I entered a contest to try and predict the 2022 Fifa World Cup with very little prior knoweldge. You can read a blog post about my attempt here: https://philswatton.github.io/r/2022/11/21/world-cup-forecasting.html
- 01_elo.R: Processing of data, computation of elo ratings for the teams (see note below on data)
- 02_monte-carlo.R: Monte Carlo simulation of the tournament
- 03_results.R: Producing outputs from the simulation into nicer formats
- Past match results data: https://www.kaggle.com/datasets/martj42/international-football-results-from-1872-to-2017?resource=download
- 2022 fixtures data: https://fixturedownload.com/
- team_ratings.RData elo ratings data produced in script 01
- fixtures.RData: slightly tidied fixture data for group stages produced in script 01
As in the code, I stored the files from these in a 'data' folder. If using this repository, you will have to download the data and create this yourself. (Sorry!)

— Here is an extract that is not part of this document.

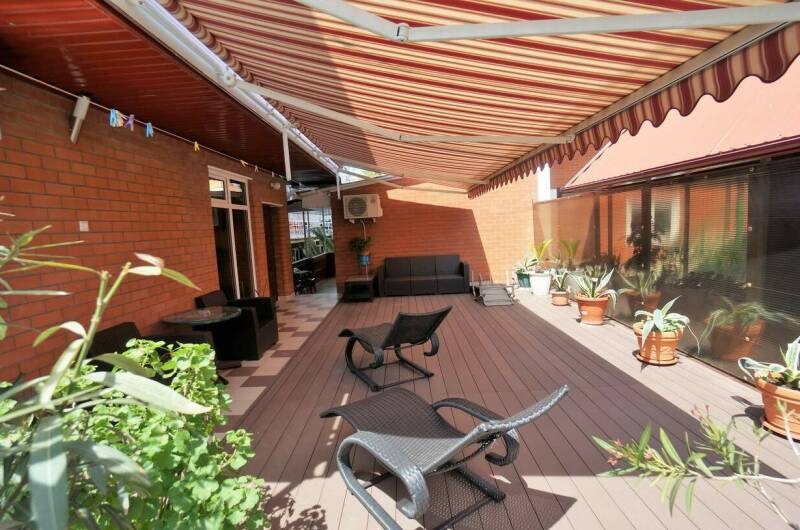 Изображение Изображение отеля / гостиницы "Частный сектор на Красногвардейской" #10 #8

I have however included data I generated myself. So you'll need to reproduce the data folder for script 01, but
- results.RData: Various R objects encoding simulation results used in script 03
- results/results_01_group_fixtures.csv: Group stages game fixture probabilities
- results/results_02_expected_group_order.csv: Group stages order predictions and probabilities (for most likely order)
- results/results_03_expected_team_performances.csv: Expected team performances given in probabilities for reaching the last 16, reaching the quarter finals, reaching the semi finals, reaching the final, and winning overall
- HTML versions of results 02 and 03 are also available!